At 17.2 GPG, you're not just buying a water softener — you're investing in infrastructure protection for your home. The $200 you save buying an undersized unit will cost you thousands in continued appliance damage and premature replacement.
Mistake 2: Confusing Softeners with Filters
Water softeners use ion exchange to remove calcium and magnesium exclusively — they do not reliably remove iron, chloramine, or fluoride. Abilene residents dealing with both 17.2 GPG hardness and secondary contaminants need a two-stage approach: proper pre-filtration for iron, and separate treatment for taste and odor issues.
This isn't a design flaw — it's chemistry. Asking a water softener to handle iron removal at Abilene's hardness level is like asking your car's oil filter to also purify the gasoline. Each treatment technology excels in its specific role but fails when pushed beyond its designed purpose.
Mistake 3: Ignoring Grain Capacity Math
The sizing formula for Abilene's extreme hardness is non-negotiable:
4 people × 75 gallons/day × 17.2 GPG = 5,160 grains daily
5,160 × 7 days = 36,120 grains weekly
Add 20% buffer = 43,344 grains needed
This calculation reveals that a 4-person Abilene household needs at least 48,000 grains of capacity to regenerate weekly. Anything smaller forces more frequent regeneration, wastes salt and water, and increases the risk of breakthrough during high-usage periods.
Mistake 4: Overlooking Salt Efficiency
At 17.2 GPG, a water softener regenerates 2-3 times more often than it would in a moderate hardness city. An inefficient unit that uses 15 pounds of salt per regeneration will consume 180-240 pounds monthly in Abilene. A high-efficiency system using 8-10 pounds per cycle cuts that consumption nearly in half.
Over a 10-year lifespan in Abilene, salt efficiency translates to $800-1,200 in savings. The math is simple: frequent regeneration at 17.2 GPG magnifies every inefficiency in your softener's design.

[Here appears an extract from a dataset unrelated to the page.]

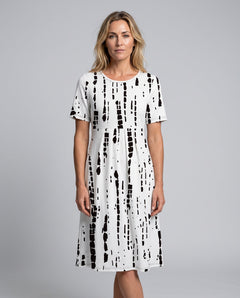 Leona | Floral Short Sleeve Midi Dress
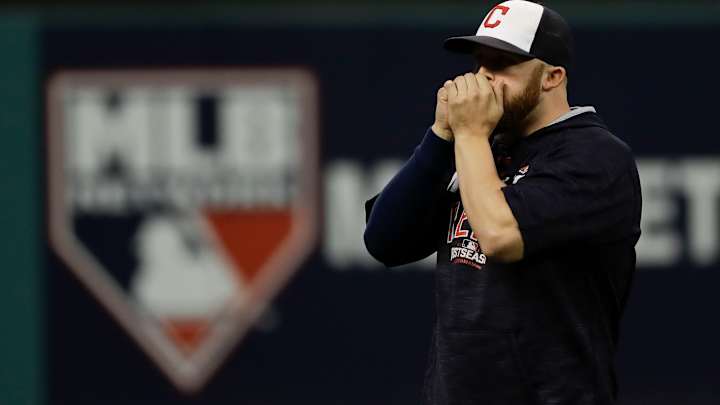 Indians carry 2 catchers, 2 lefties on ALCS roster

Homeowner Checklist Before Buying
- Calculate your exact grain capacity needs using Abilene's 17.2 GPG
- Confirm the system is NSF/ANSI 44 certified for performance
- Verify salt efficiency ratings and regeneration frequency
- Plan for iron pre-filtration if you have staining issues
- Budget for professional installation and proper drain setup
5. The SoftPro Elite HE: Built for Abilene's Water
After evaluating Abilene's water hardness of 17.2 GPG and the presence of iron, chloramine, and fluoride in the local supply, one system consistently rises to the top for Abilene homeowners: the SoftPro Elite HE Water Softener. This isn't marketing hyperbole — it's the logical engineering solution to Abilene's specific water chemistry challenges.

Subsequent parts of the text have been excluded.